Often these algorithms return a subset of the bits in order to improve the spread, but it is not possible to do extraction at the bit level in Uniface, as far as I'm aware.  Another algorithm that is popular (and generally considered better) is a Mersenne Twister, but this uses bit-shifting techniques that I don't think are possible in Uniface either.


So let's test the performance of these different methods of 2,000,000 iterations...


1) perform = 00:10.00, 00:10.00, 00:10.01 (10 seconds)
2) $uuid = 00:32.31, 00:32.44, 00:32.39 (over 32 seconds)
3) DIY = 00:34.75, 00:34.72, 00:34.72 (under 35 seconds)


As you can see, the original perform is the quickest method (although we've found that generally using a 3GL function does not hold up very well under load and these tests are only as a single user).  It can be hard to support a 3GL function across multiple platforms, but this solution is mathematically the most random method.  Out of the alternatives, $$uuid is quite simple but does not give a good spread of random numbers, not compared with the DIY method.  


It should be emphasised that none of these methods are truly random, and therefore should not be used for cryptographic purposes.  They should be suitable for simple things though, like simulating a dice throw.


Hopefully one day Uniface will provide it's own $rand or $random function - a native function should perform the best and would hopefully be implemented in a way that was suitably random with a decent spread.


Summary: If it's feasible to use a perform then this is the best way to go, both for speed and randomness.  However, you may wish to consider building your own random number generator, possibly using a Linear Congruential algorithm.

Wednesday 25 July 2012

User-defined functions

One of the things which I initially found a little odd, although very simple to grasp, was the way that Uniface allows you to create modules of code as an entry, not a function.  This entry has any number of parameters (well, there probably is a limit) which can be defined as "in", "out", or "inout".  The only thing that is returned from this entry is a numeric status, which you return and this sets $status accordingly.  I think it's fairly common that developers use a status of "0" to indicate successful and positive for additional successful status, then a negative status for errors.  Any other type of value could be returned in an "out" or "inout" parameter.

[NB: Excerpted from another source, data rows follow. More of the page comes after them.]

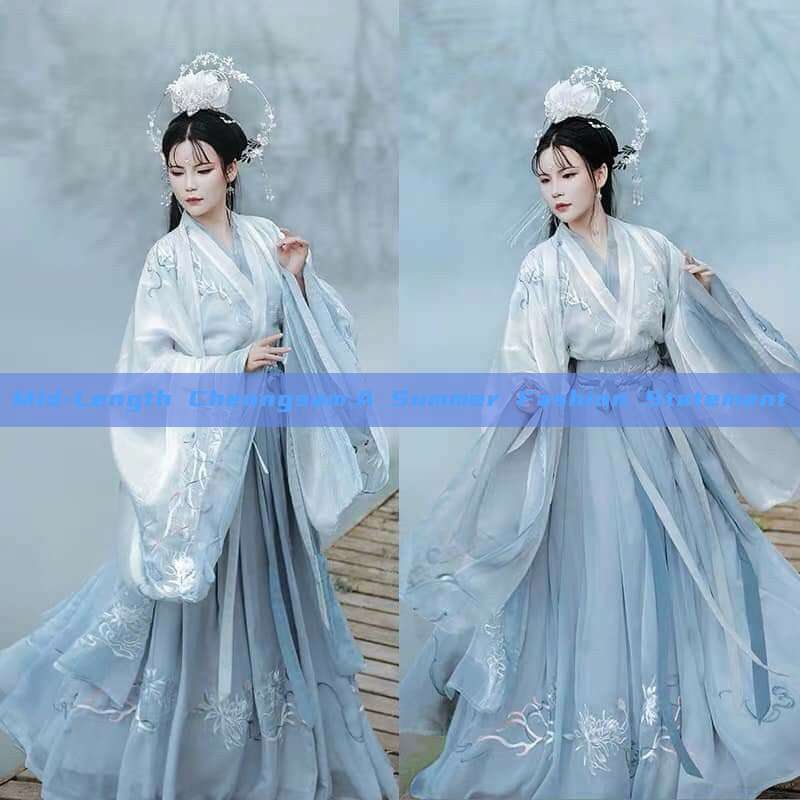 Mid-Length Cheongsam:A Summer Fashion Statement
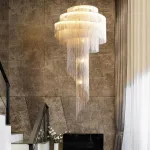 Подвесная люстра CONCORDIA GOLD D60 Gold от ImperiumLoft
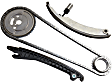 Timing Chain Kit, 4 Cyl., 1.6L, SOHC Engine, 16 Valves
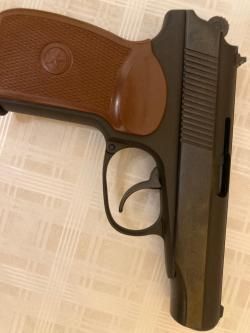  Макаров makarov MP-654K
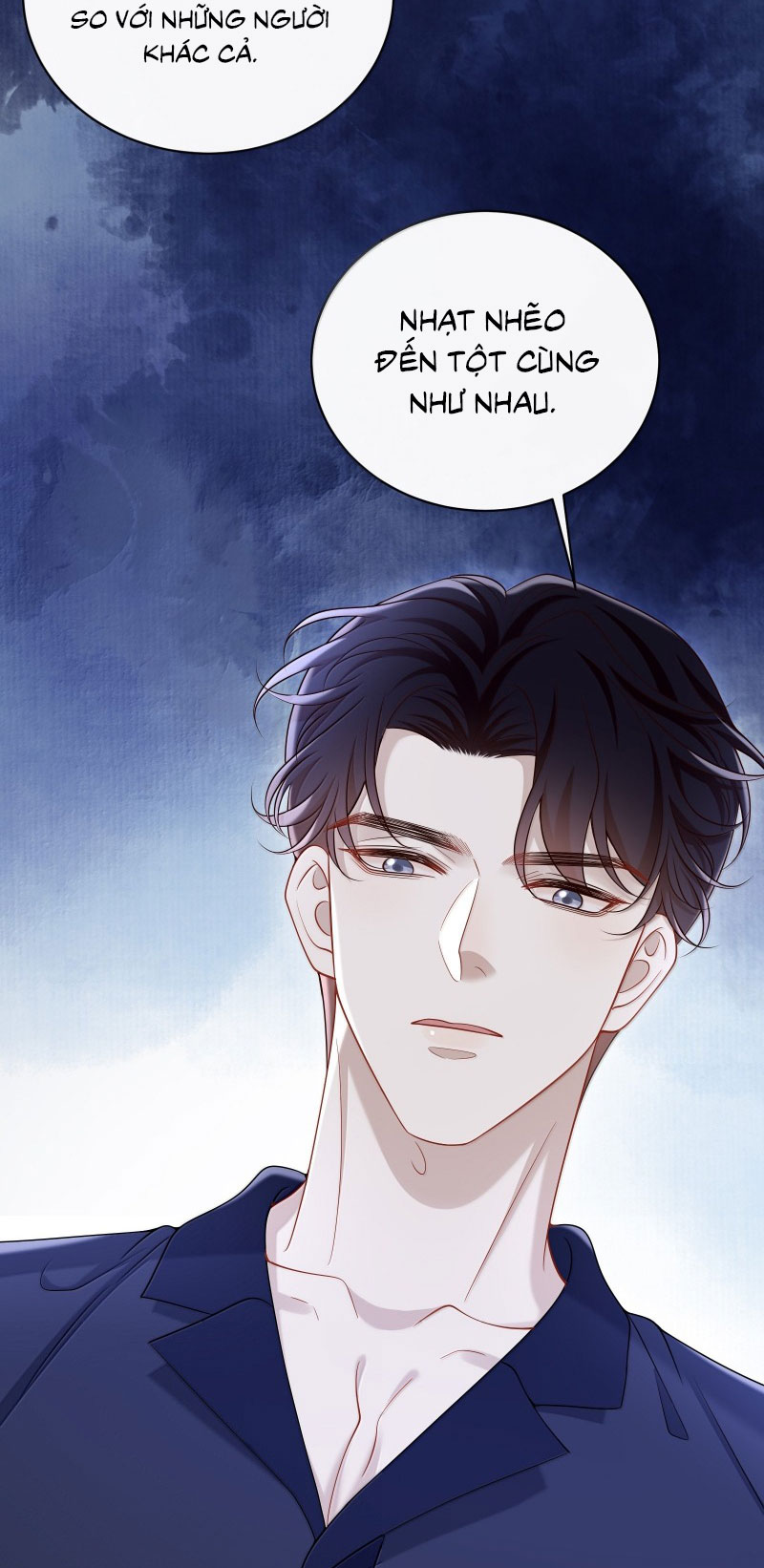 Anh Ấy Đến Từ Màn Đêm Chap 76 - Next Chap 77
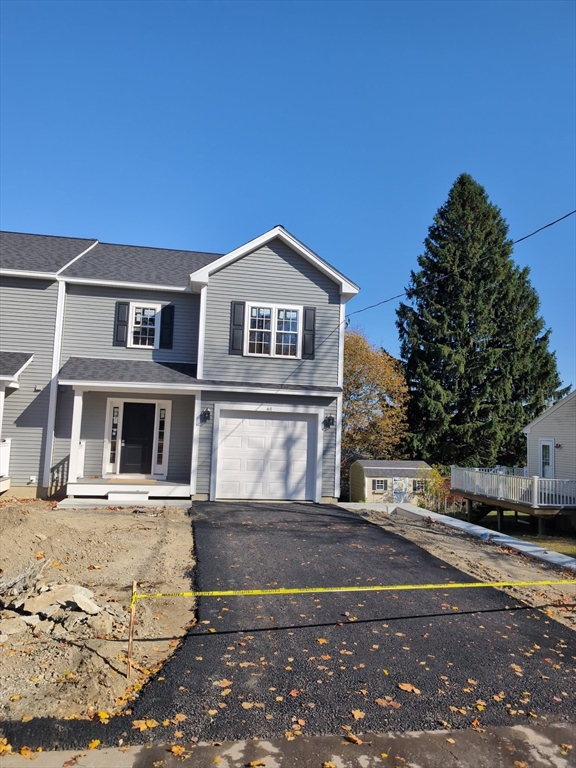 61 Pocasset Avenue in Worcester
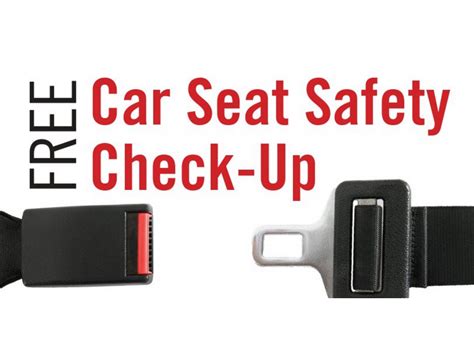 Free Car Seat Safety Check-Up Saturday, May 16 - Tewksbury, MA Patch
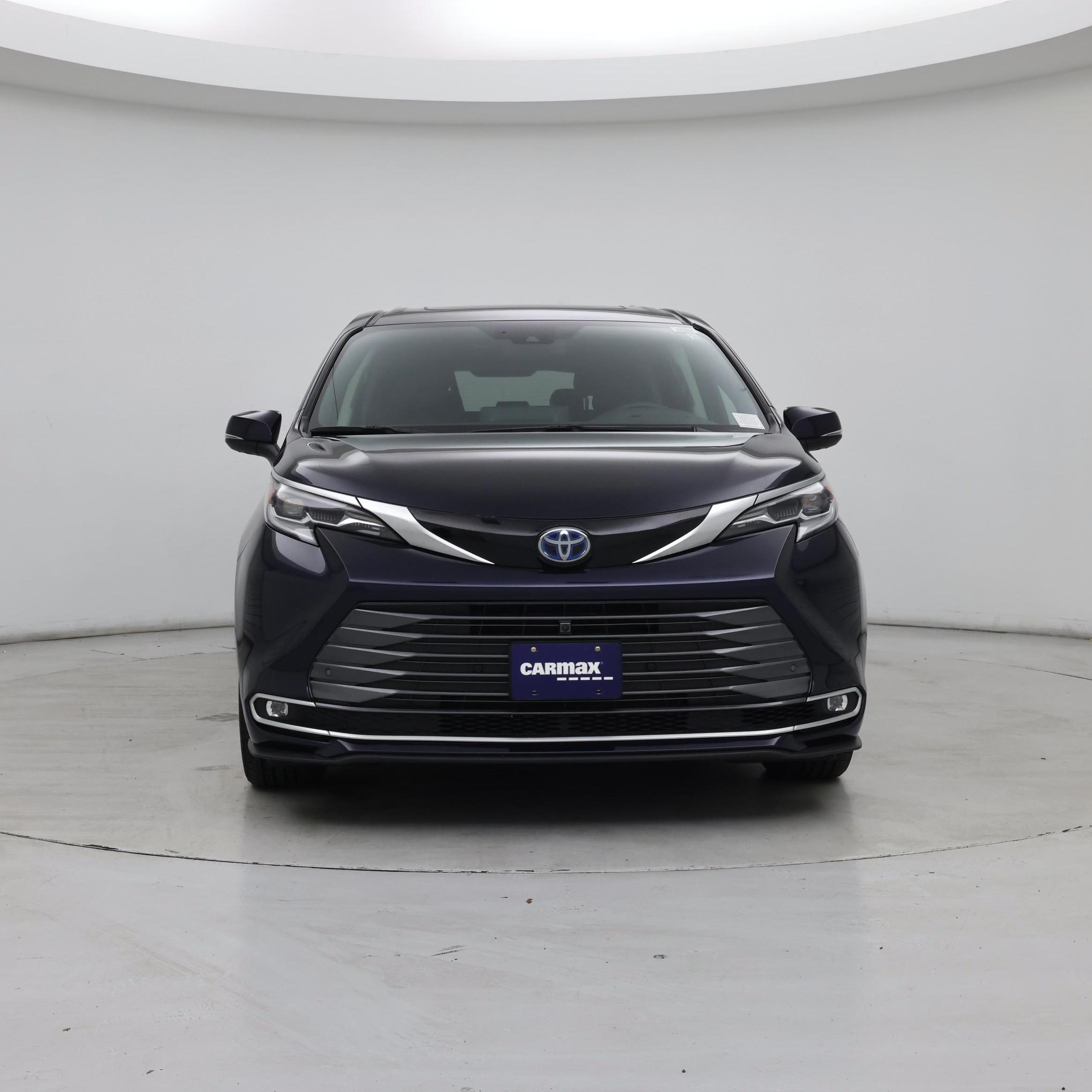 Thumbnail: 2022 Toyota Sienna - 5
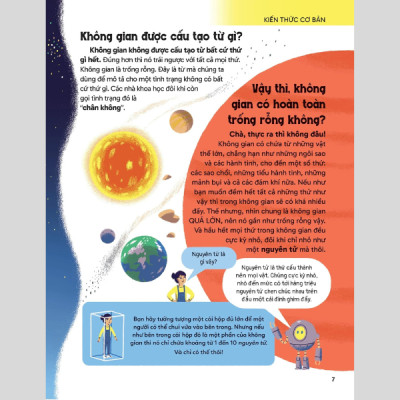 200 Bí Ẩn Thú Vị Về Vũ Trụ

This is a very simple mechanism and it works nicely.  However, sometimes it can lead to some rather verbose code, as you have to put the call to the entry on a separate line, you can't nest the call within an if or while statement as part of the condition, for example.  Here's a simple entry which converts kilometres into miles...


  entry kms_to_mls_entr
  params
    numeric kms : in
    numeric mls : out
  endparams
    mls = kms*5/8
    return 0
  end


To convert two values using the entry and then add them, it takes 3 lines, like this...

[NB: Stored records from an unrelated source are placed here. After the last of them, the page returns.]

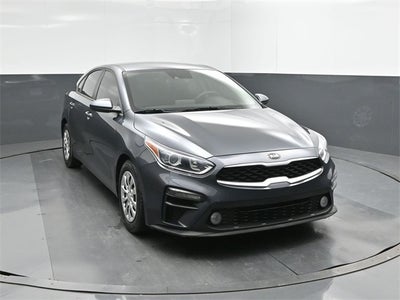 2020 Kia Forte FE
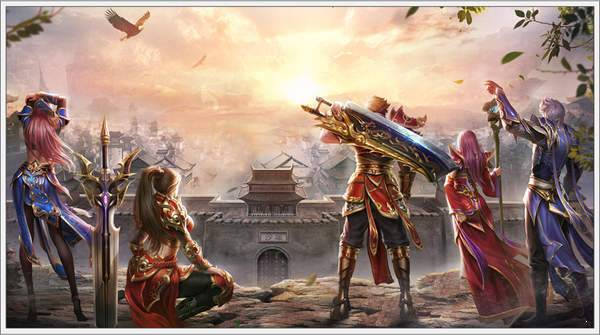 六道傳說神途傳奇1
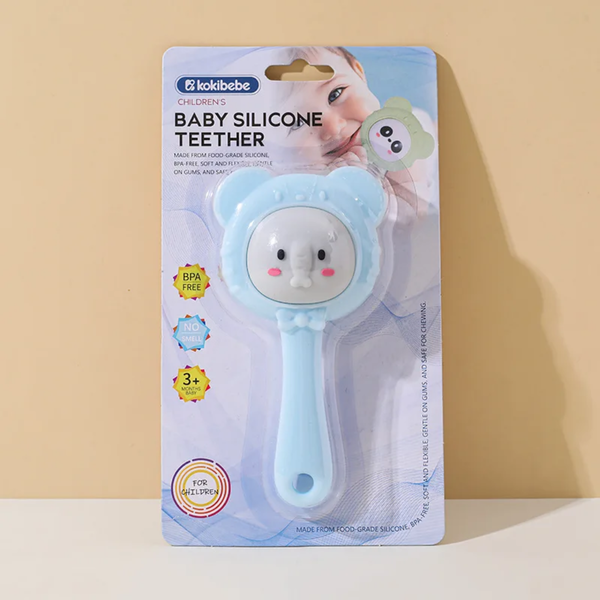 عضاضة سليكون ارنب  Image 3 Preview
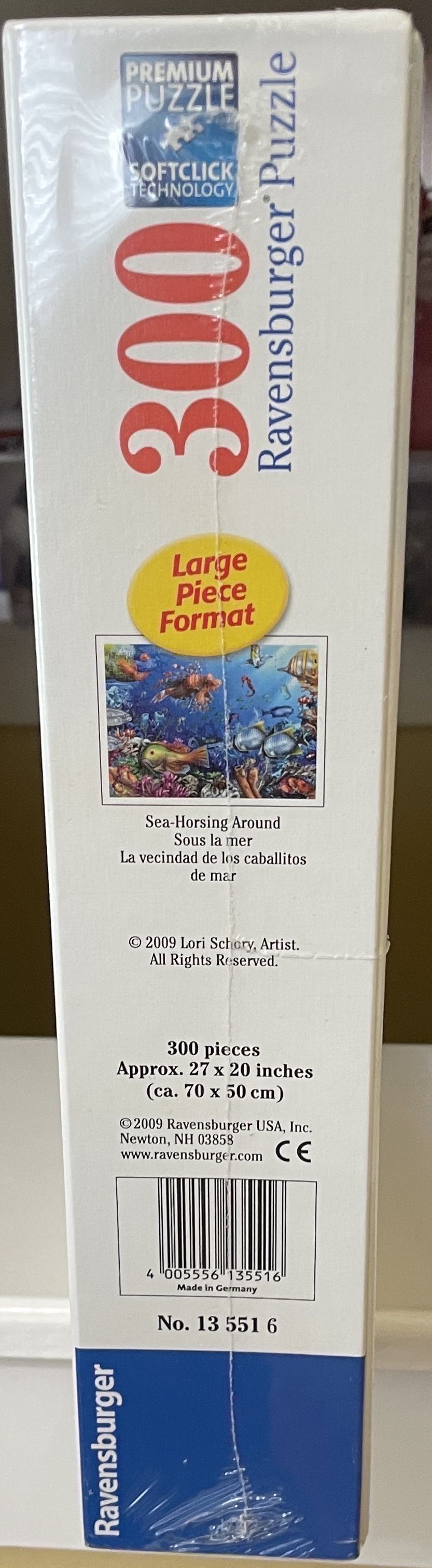 Story Time - White Mountain Puzzles puzzle collectible - Main Image 2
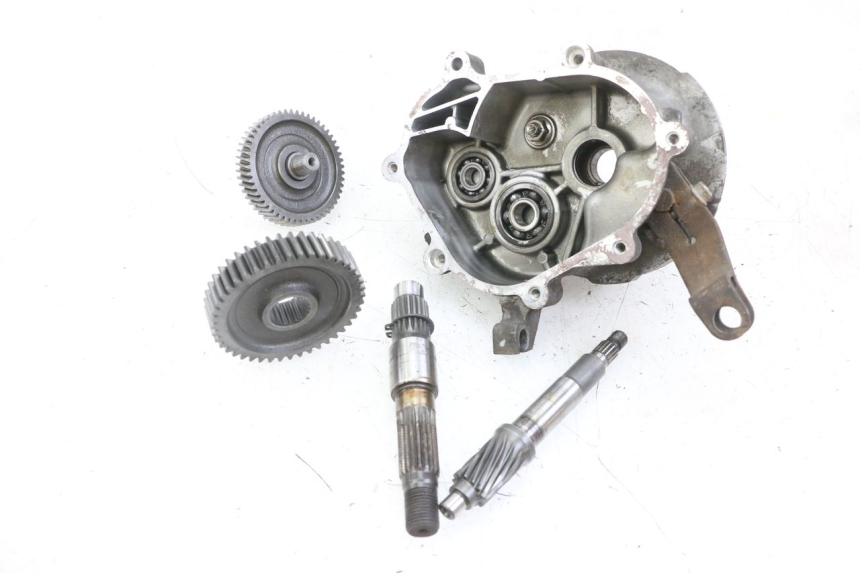 photo de TRANSMISSION ROUE  MBK OVETTO 4T 50 (2008 - 2016) - Zoom état d’usage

  call kms_to_mls_entr(kms1,mls1)
  call kms_to_mls_entr(kms2,mls2)
  total = mls1 + mls2



From version 9 onwards (sorry, I can't remember the minor version number) you have another option.  It took me a while to find any information in the manuals, but it's there; they're called "User-Defined Functions".  Here's an example...

  entry kms_to_mls_func
  returns numeric
  params
    numeric kms : in
  endparams
    return kms*5/8
  end



Notice that there is a returns statement before the params, which determines what datatype should be returned.  In this case it is numeric, but it doesn't need to be.  In this case, to convert the two values using this function, it takes a single line...

  total = kms_to_mls_func(kms1) + kms_to_mls_func(kms2)

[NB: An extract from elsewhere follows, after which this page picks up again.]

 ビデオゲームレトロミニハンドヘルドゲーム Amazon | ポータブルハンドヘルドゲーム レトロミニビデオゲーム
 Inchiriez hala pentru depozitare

This can make the code a bit neater.  But of course I'm obsessed with performance, so my next step is the test these two methods over 2,000,000 iterations...


  • entry = 00:17.74, 00:17.69, 00:17.60 (under 18 seconds)
  • function = 00:13.64, 00:13.64, 0:13.67 (under 14 seconds)

So as you can see, the code is more concise and it performs better.  It also relies on less variables defined, so it's a win-win all round really.  You can even do this with a global procedure.



A bit of a side note; I thought you always had to specify a datatype when defining a parameter, and that this was always a local variable.  I discovered recently that you can also use a component variable or a painted field name, in which case you don't specify the datatype.  For example...


  entry kms_to_mls_entr
  params
    numeric kms : in
    $miles$ : out
  endparams
    $miles$ = kms*5/8
    return 0
  end


Summary: It is possible to create a "user-defined function", which is an entry that returns a specific datatype, allowing you to create more concise code, that also performs better. 

Friday 20 July 2012

Types of for loops - part two


In part one I talked about the forlist statements and how these could be used to iterate through Uniface lists for easily.  The next thing I want to talk about is looping through entity occurrences. Personally I've always done this using a combination of setocc and $curocc, something like this...



  setocc "ent",1
  while ( $status > 0 )
    ;do something
    setocc "ent",$curocc(ent)+1
  endwhile



This has the advantage of not needing to use any variables for the loop.  However, it may be better for performance if a similar loop was used, but using variables to control it...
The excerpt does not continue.